The issue of what must be demonstrated in order to divest a court of subject matter jurisdiction when there is a workers compensation issue present has been the matter of significant debate over the last few years. The appellate decisions in this area of law have been somewhat inconsistent. Most of these appellate decisions, along with my thoughts, may be found on this blog.
But for carriers that write certain segments of the livery business, this case might be significant. I say the word “might” because recourse to the record on appeal is necessary to answer the many questions I have on this issue. Of course, if someone would be nice enough to email me the motion papers in this case, I would be most appreciative.
Dunn v American Tr. Ins. Co., 2010 NY Slip Op 01757 (2d Dept. 2010)
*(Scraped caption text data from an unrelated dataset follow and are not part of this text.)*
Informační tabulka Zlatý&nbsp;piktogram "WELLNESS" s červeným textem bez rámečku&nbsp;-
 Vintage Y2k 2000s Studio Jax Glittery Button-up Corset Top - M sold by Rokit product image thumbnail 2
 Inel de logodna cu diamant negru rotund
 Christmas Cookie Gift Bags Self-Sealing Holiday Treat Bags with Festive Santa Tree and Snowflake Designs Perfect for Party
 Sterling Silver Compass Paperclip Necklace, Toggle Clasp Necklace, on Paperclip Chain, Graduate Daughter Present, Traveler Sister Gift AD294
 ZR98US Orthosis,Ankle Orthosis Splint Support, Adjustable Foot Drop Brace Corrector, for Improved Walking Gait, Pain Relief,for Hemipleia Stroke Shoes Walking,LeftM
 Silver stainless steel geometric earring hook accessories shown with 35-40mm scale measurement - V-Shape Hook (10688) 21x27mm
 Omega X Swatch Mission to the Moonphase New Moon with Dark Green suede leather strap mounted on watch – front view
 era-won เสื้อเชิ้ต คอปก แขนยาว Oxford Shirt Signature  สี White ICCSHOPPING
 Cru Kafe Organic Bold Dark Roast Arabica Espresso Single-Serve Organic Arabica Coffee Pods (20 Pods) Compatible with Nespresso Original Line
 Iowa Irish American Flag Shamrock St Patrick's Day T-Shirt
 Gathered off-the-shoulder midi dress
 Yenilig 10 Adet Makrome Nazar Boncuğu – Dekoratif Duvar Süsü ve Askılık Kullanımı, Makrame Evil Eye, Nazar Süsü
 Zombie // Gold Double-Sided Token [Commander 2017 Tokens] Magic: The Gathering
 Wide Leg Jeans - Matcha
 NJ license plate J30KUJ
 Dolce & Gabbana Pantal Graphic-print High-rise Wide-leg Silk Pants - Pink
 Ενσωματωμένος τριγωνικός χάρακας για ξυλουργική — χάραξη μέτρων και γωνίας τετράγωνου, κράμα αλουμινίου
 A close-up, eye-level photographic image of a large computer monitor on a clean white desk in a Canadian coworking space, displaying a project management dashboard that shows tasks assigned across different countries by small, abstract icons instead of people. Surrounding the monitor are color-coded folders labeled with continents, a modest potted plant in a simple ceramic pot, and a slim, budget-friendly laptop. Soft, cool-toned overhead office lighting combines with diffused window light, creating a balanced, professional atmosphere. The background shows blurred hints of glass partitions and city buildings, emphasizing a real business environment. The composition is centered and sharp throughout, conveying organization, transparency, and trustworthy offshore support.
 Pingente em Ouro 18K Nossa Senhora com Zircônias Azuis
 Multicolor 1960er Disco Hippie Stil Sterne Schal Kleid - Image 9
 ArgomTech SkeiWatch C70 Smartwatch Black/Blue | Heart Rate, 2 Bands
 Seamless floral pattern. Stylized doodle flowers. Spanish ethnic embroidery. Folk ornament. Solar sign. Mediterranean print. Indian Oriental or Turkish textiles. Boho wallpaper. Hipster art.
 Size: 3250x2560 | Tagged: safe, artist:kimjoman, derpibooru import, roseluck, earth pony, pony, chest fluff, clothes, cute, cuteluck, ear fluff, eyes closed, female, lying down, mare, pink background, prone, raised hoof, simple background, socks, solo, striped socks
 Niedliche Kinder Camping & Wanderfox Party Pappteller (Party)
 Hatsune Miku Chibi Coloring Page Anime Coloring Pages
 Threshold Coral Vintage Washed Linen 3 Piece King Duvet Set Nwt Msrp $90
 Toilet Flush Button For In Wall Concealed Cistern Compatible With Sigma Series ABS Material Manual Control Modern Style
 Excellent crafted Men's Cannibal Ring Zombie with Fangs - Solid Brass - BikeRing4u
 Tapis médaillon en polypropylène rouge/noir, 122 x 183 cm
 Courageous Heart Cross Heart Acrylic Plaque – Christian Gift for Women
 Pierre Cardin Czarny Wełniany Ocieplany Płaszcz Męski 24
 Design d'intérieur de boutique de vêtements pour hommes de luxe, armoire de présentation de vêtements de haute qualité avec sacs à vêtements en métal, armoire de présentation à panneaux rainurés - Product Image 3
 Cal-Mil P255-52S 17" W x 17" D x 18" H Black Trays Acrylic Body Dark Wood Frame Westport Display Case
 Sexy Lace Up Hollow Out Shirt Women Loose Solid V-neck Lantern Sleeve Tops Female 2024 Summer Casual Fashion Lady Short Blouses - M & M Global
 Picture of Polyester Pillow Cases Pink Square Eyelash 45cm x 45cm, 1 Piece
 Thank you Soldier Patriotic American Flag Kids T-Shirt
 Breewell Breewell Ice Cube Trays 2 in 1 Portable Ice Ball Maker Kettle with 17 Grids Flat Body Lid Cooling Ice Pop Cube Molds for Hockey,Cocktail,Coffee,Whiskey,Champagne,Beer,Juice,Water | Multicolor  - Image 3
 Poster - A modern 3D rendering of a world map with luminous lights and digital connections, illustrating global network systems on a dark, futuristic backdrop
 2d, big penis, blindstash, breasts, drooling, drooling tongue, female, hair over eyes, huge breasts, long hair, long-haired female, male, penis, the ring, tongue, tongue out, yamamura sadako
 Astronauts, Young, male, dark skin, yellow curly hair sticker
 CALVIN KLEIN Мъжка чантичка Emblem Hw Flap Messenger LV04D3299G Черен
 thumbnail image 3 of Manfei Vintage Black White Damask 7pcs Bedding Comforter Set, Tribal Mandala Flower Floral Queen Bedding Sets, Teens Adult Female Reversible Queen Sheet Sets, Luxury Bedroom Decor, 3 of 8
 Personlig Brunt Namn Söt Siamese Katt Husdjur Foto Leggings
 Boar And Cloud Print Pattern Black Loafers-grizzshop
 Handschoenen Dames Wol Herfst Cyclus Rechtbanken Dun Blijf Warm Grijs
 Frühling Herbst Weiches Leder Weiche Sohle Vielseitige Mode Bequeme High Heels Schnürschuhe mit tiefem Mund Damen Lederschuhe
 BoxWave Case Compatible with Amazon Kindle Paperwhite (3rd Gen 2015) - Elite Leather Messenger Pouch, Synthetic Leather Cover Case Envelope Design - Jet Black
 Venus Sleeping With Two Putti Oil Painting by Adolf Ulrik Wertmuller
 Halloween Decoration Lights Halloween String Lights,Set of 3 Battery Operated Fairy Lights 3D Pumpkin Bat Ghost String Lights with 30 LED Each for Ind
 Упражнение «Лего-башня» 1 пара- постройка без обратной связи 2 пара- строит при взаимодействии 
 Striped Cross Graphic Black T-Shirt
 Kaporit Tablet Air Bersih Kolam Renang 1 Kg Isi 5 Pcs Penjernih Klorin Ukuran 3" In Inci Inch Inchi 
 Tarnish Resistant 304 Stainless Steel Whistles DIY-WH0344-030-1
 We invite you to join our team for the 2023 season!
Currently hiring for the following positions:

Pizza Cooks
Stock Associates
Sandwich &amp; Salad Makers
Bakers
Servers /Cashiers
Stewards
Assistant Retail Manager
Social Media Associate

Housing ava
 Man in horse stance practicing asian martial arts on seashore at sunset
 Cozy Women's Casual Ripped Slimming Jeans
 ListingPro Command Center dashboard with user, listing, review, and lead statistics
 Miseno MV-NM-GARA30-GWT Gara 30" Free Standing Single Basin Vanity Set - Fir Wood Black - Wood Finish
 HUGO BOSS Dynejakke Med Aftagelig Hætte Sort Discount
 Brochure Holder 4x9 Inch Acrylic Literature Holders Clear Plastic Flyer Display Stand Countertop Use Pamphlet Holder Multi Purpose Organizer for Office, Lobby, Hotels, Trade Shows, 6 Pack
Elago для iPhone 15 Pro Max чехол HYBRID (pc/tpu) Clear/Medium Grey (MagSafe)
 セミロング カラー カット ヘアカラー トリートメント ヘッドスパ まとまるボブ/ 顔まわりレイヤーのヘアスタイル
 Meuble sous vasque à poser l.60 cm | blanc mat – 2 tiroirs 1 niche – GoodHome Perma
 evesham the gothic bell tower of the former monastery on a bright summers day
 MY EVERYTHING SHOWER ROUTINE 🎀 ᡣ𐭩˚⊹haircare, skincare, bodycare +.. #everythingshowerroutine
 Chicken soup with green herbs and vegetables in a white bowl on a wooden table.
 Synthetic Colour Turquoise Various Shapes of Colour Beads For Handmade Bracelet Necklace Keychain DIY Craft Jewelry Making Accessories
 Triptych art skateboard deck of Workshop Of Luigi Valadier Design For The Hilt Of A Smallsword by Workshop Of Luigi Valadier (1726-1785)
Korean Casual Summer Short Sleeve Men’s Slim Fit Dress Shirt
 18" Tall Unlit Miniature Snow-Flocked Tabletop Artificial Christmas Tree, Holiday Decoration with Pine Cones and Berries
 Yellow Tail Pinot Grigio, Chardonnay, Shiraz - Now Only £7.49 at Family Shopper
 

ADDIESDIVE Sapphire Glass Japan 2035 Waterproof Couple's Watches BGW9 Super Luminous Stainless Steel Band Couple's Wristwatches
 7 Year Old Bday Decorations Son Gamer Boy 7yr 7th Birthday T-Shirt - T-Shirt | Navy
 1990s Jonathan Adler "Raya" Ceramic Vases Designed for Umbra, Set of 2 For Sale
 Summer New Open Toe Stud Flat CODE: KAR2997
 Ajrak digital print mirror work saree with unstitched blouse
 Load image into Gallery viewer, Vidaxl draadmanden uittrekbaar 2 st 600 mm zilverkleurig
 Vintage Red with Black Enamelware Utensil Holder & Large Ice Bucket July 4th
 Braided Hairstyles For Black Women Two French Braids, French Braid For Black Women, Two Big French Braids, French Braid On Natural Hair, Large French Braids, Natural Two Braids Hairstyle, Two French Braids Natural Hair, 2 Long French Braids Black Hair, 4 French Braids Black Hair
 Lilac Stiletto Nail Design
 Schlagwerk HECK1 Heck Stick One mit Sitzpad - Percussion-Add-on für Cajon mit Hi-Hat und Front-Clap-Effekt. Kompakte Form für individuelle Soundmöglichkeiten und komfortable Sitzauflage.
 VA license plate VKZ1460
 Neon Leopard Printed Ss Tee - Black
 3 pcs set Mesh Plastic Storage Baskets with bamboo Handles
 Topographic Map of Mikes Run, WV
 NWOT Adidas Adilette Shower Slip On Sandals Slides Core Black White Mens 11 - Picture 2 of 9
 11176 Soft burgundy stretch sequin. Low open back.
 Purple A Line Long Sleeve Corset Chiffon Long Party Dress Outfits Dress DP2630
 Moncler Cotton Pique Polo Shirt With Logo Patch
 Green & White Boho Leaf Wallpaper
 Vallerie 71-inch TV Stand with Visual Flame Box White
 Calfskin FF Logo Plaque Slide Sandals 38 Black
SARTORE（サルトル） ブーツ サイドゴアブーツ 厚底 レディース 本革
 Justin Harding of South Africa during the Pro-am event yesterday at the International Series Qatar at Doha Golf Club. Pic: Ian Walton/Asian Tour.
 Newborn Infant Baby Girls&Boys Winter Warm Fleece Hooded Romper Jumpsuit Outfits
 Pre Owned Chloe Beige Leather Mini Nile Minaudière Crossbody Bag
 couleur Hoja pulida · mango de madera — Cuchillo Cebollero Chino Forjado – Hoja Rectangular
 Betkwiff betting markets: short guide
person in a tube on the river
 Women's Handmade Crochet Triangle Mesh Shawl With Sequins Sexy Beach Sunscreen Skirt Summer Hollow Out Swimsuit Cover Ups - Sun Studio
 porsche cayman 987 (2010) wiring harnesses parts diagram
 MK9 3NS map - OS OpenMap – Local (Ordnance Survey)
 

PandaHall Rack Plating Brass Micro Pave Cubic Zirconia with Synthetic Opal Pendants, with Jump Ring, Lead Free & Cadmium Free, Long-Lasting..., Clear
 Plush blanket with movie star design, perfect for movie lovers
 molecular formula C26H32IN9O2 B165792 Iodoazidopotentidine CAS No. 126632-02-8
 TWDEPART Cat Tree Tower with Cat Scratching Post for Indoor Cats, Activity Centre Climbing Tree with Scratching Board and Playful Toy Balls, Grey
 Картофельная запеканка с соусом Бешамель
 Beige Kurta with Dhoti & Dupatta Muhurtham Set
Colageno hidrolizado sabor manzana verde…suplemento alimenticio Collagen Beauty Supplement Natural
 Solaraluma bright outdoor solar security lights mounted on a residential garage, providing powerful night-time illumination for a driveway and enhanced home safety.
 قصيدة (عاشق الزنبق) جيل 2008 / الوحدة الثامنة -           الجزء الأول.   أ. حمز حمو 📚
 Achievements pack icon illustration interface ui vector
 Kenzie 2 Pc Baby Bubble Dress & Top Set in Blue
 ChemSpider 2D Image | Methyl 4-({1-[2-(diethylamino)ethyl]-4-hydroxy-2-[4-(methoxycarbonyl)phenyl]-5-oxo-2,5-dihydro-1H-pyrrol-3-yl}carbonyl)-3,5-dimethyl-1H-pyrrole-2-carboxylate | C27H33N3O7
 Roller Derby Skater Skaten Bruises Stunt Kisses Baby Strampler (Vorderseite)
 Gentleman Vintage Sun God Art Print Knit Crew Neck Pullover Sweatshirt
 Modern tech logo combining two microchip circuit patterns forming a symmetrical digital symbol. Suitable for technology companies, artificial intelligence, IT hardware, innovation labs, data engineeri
“In this case, the defendant’s motion presented factual questions as to the plaintiff’s “status as either an independent contractor, as he claims he is, or as an employee of” a car service dispatch base, as the defendant claims (Arvatz v Empire Mut. Ins. Co., 171 AD2d 262, 269). Resolution of these questions “is best suited for determination by the [Workers’ Compensation] Board, given its expertise in the area” (id. at 269). Accordingly, prior to rendering a determination on the motion, the Supreme Court should have referred the matter to the Workers’ Compensation Board for a hearing and determination as to whether the plaintiff is relegated to benefits under the Workers’ Compensation Law.”